Os donos dos animais gostaram do primeiro dia de experiência e querem agora que a medida se estenda a mais praias. Sentiram igualmente que os animais também ficaram agradados com esta praia.
A Câmara de Peniche tornou-se pioneira na criação das praias para cães e entende a medida como normal, chamando ainda a atenção para as regras a cumprir, nomeadamente uso de coleira e trela. Os cães da raça perigosa e potencialmente perigosa devem ser conduzidos por maiores de 16 anos, usarem açaime e circularem com trela curta (até um metro) fixa à coleira ou peitoral.

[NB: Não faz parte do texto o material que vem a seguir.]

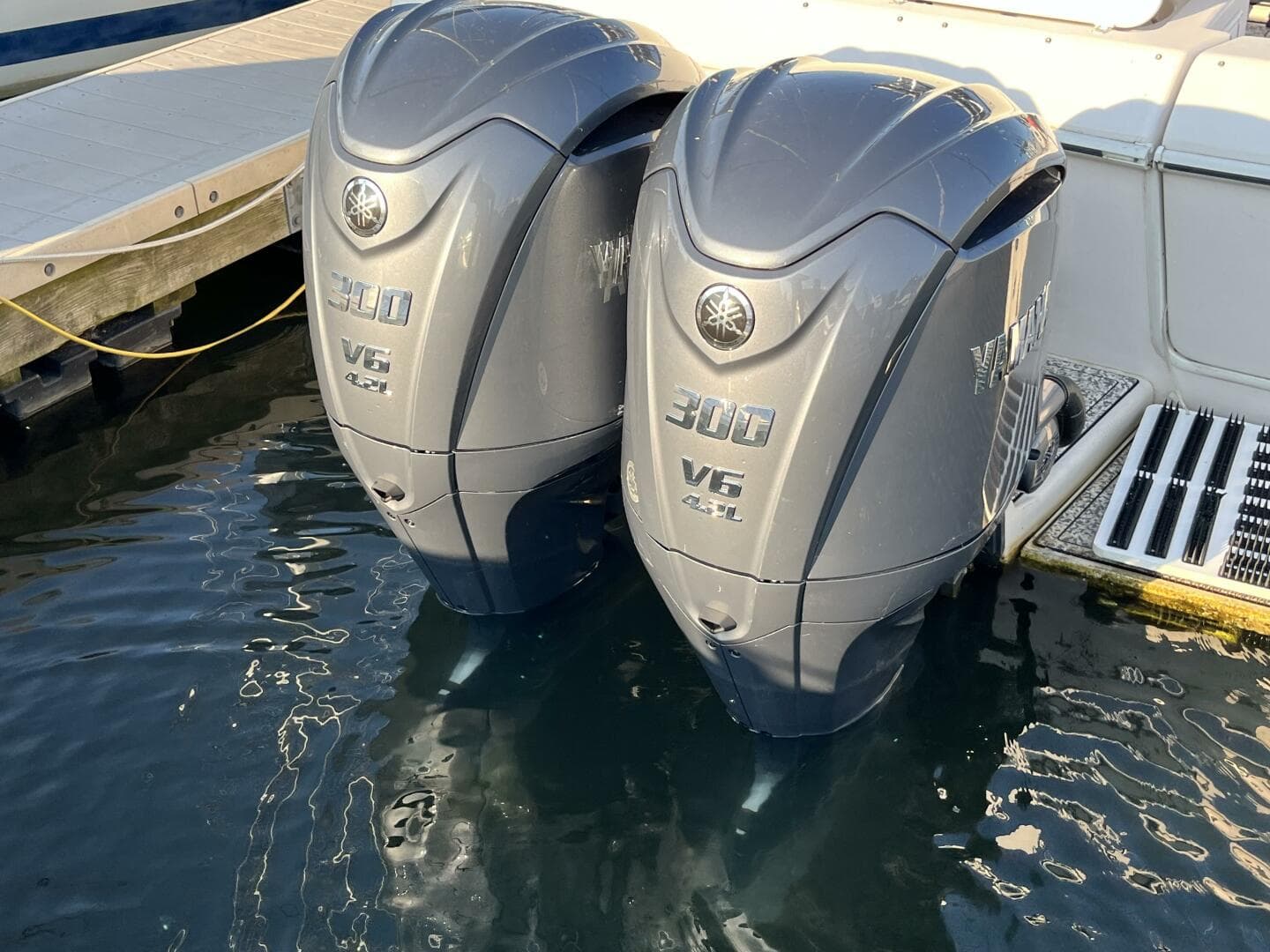 1994 Pro-Line 2950 Express — photo 14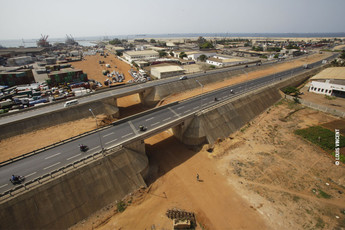 Infrastructures : des images qui parlent d’elles-mêmes 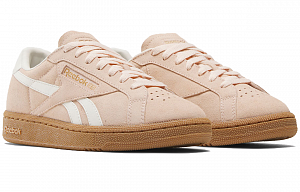 Reebok Club C Grounds Uk Sneakers Women's 1 2902819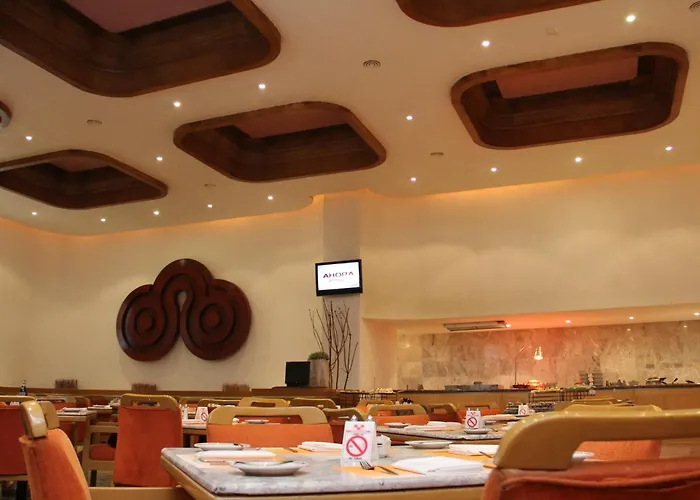 Hotel Sevilla Palace 4*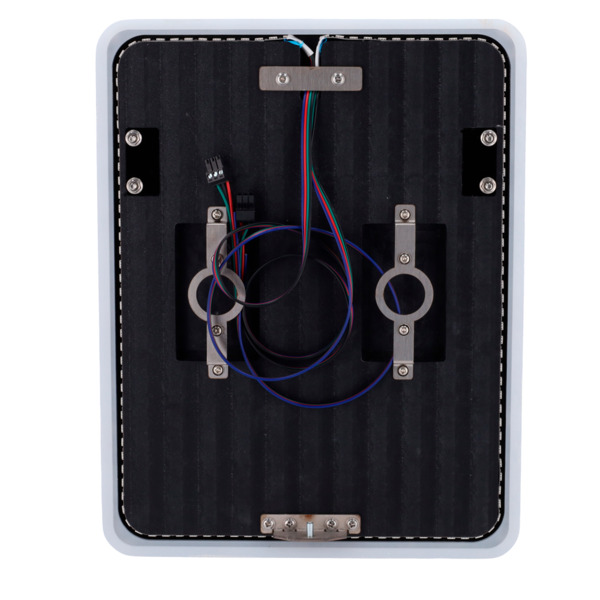 ZKTECO ZK-ITC-MTS1000-2D Cubierta superior para torno - Integración lectores de tarjetas - Apta para torno ZK-MTS1000-PRO - Fabr (5)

Há ainda a obrigatoriedade dos cães estarem registados e legalizados, implicando a existência de boletim sanitário e prova de identificação eletrónica. A Autoridade Marítima fará a fiscalização e haverá coimas.
As praias não concessionadas (como é este o caso) podem, em princípio ser frequentadas por cães, desde que não haja sinalização em contrário. O que a autarquia fez em Peniche foi regulamentar, criar algumas condições e publicitar a praia.

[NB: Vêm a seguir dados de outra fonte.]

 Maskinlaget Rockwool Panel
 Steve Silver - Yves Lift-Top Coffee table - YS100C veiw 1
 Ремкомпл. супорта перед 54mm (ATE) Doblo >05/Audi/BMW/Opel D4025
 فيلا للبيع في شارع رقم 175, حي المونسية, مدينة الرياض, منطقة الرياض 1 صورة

Os cães de assistência estão autorizados a estar em qualquer praia.
Localização contestada
A localização da praia foi contestada pela Arméria – Movimento Ambientalista de Peniche, que entende que “encontra-se numa área que não apresenta condições de segurança nem estacionamento ajustados a uma utilização mais ou menos intensiva”. Aponta ainda que “nas proximidades existem ainda vários e relevantes vestígios históricos/arqueológicos” e que o local “reúne condições excepcionais no âmbito do ensino das ciências da terra e da vida que de alguma forma poderão ficar comprometidas”.
Receia ainda que a atividade dos mariscadores poderá também ficar em risco.
O presidente da Câmara, António José Correia, disse que “foi uma opção tomada por unanimidade pela autarquia e como qualquer medida pode agradar ou não a todos, mas quem tem cães está satisfeito”. Rejeitou também os riscos apontados pela associação ambientalista.